Many thanks for reading...


----------



## peanut1 (Dec 29, 2009)

I bought some form them in a wee bottle that comes in green or yellow with a small bit on top that you squeeze the fluid into and thats enough for the whole washer bottle and tbh never had any issues at all with the stuff. Thinks its their own WD or W5 brand??


----------



## Trip tdi (Sep 3, 2008)

This stuff is the ultimate finish product in a 5 litre container, in blue colour, not the w5 brand.

Just wondered if it stains the paint plus the the wiper rubber perishing faster due to antifreeze content, plus will it be safe for the internal plastic pipes running through the car, jetting out screen wash.


----------



## DesertDog (May 15, 2011)

Anti-freeze is a generic term for countless different chemicals which, when mixed with water, prevent the water from freezing.

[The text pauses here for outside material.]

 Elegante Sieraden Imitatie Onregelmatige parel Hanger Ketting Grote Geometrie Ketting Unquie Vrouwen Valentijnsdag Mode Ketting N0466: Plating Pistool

It's does not necessarily mean the blue or red coloured fluid which goes in your radiator!


----------



## Trip tdi (Sep 3, 2008)

DesertDog said:


> Anti-freeze is a generic term for countless different chemicals which, when mixed with water, prevent the water from freezing.
> 
> It's does not necessarily mean the blue or red coloured fluid which goes in your radiator!


This antifreeze is similar chemical or the exact same as engine coolant, i really want to find out if its safe for rubbers plus paint, and the internal pipes running through the car jetting screenwash....


----------



## Dixondmn (Oct 12, 2007)

unless youre just using water in your screenwash resevior then all screenwash contains an anti-freeze ingredient of some kind.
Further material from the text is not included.